[Short text fragments from websites]
▶

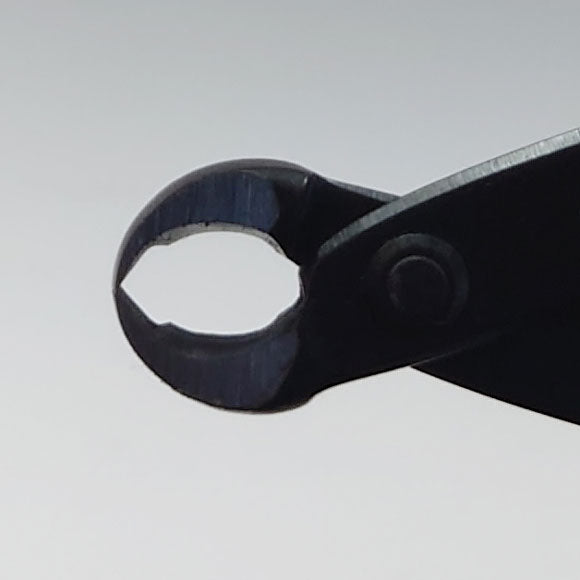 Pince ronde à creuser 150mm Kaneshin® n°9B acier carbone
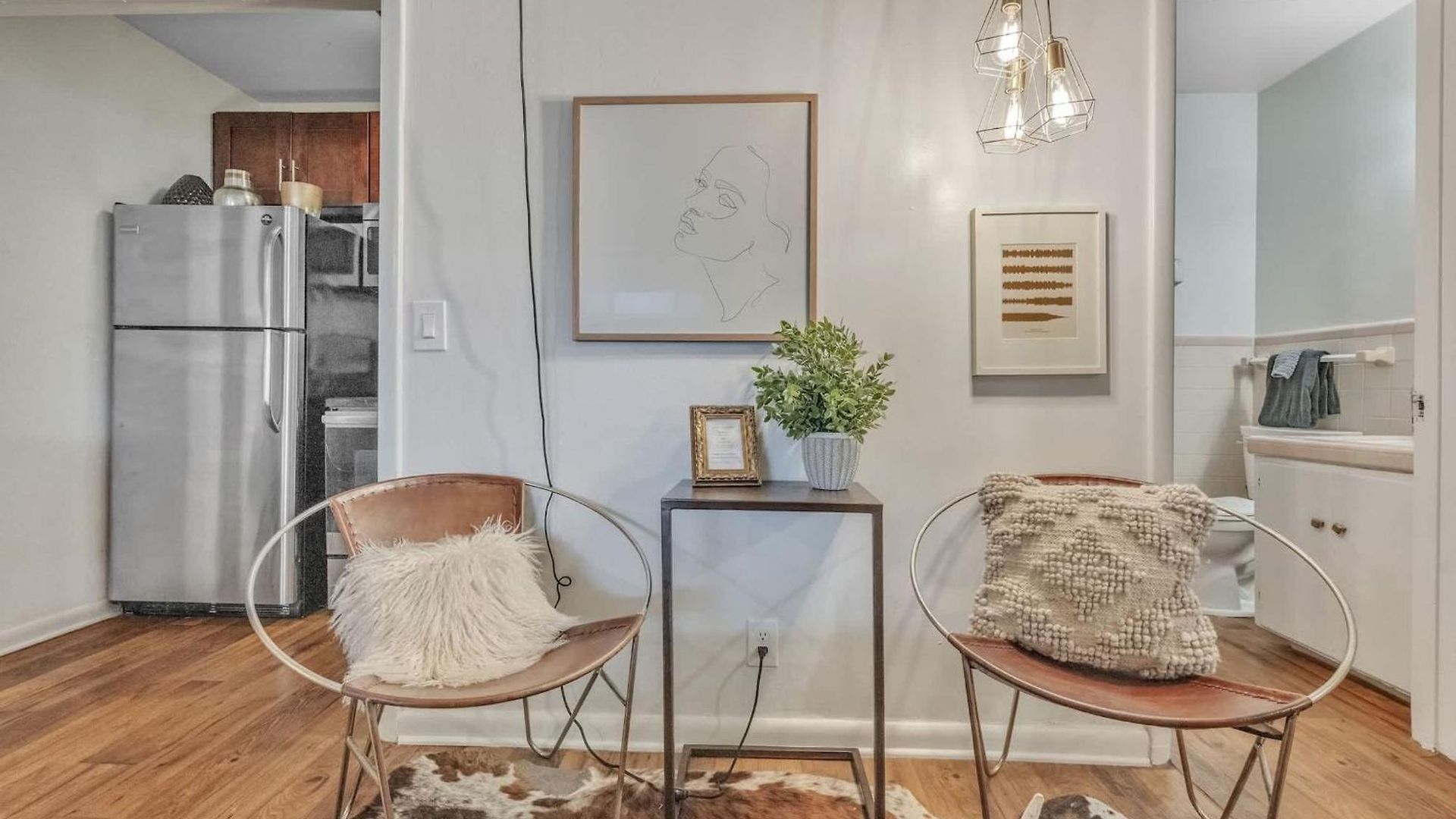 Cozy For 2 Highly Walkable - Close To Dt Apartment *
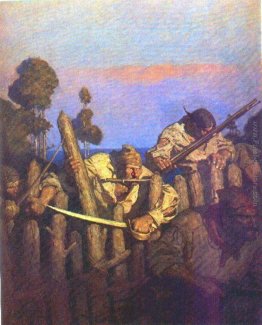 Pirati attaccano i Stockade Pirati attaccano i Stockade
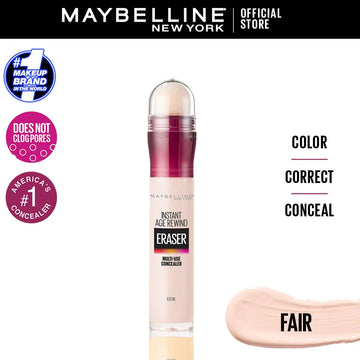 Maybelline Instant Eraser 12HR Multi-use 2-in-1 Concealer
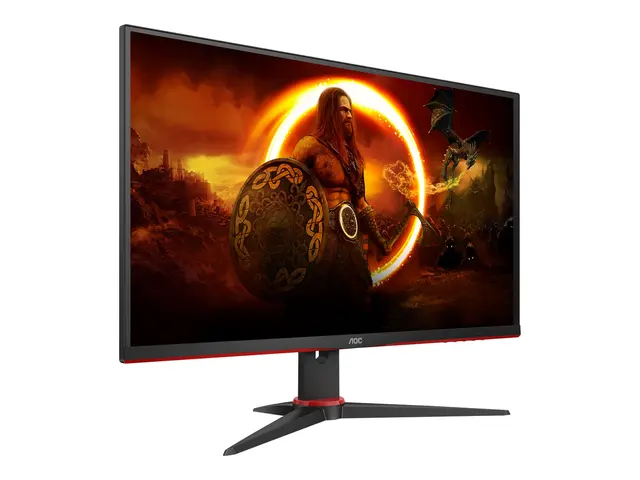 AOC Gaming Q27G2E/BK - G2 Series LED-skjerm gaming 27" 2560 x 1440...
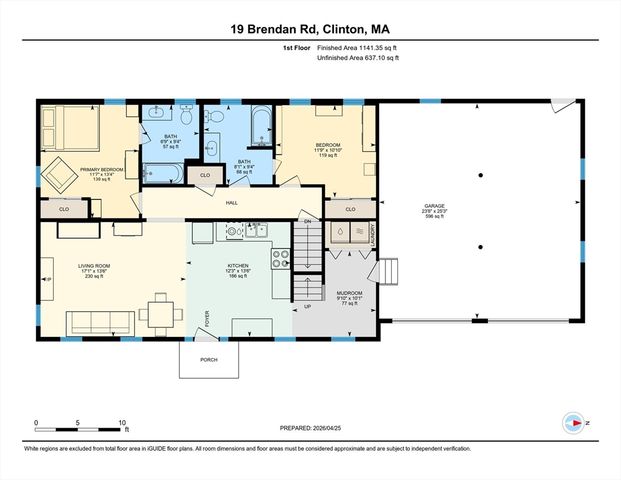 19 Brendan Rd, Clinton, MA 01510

◀

> Required action:
Retype the data above exactly. Do not carry over any images.

> Written solution:
 Pince ronde à creuser 150mm Kaneshin® n°9B acier carbone
 Cozy For 2 Highly Walkable - Close To Dt Apartment *
 Pirati attaccano i Stockade Pirati attaccano i Stockade
 Maybelline Instant Eraser 12HR Multi-use 2-in-1 Concealer
 AOC Gaming Q27G2E/BK - G2 Series LED-skjerm gaming 27" 2560 x 1440...
 19 Brendan Rd, Clinton, MA 01510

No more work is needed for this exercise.